My DH and I want to have a get together with our friends before we have LO but we don't have anyone to throw us an actual shower. We dicided in lieu of a shower we would invite our friends to a backyard baby-que (lol catchy huh?) and make sure the invites let our guests know that the only gift we want is their presence. Is this ok to do because as someone pointed out to me guests still might bring something and it may come across as throwing our own shower. What is your opinion?
I think as long as you mention no gifts and you say it's a party or bash instead of a shower...they'll get the idea. Anyone who brings a gift will do so just because they really want to : )
I think it is a great idea. My husband and I did that before our wedding. We had a "Last night out on the town" thing with all of our friends, but not a bachelor or bachelorette party or anything like that.
It is so hard to see your friends after the baby is born, I think it is great to have a GTG before. But be prepared, some people will still bring a little gift.

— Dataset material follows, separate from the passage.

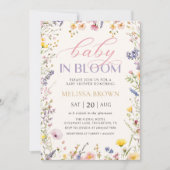 ワイルドフラワーベビーイン開花ベビーシャワー招待状 招待状 (正面)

I think that the idea is a great one, but I'd pass on the baby-que thing. To me it makes it sound like a shower (focus on baby). The "last night out" sounds more like you are celebrating your freedom one last time, therefore giving it a different flavor (ie, not baby focused)
I don't think I'd really be specific about the "no-gifts" thing, I wouldn't automatically assume to bring a baby gift to a bbq, but if the host mentioned NOT to, then I might feel obligated to.. If that makes any sense at all
I would just say "we're hosting a pre-baby-que to get all of our friends together one last time before the baby arrives"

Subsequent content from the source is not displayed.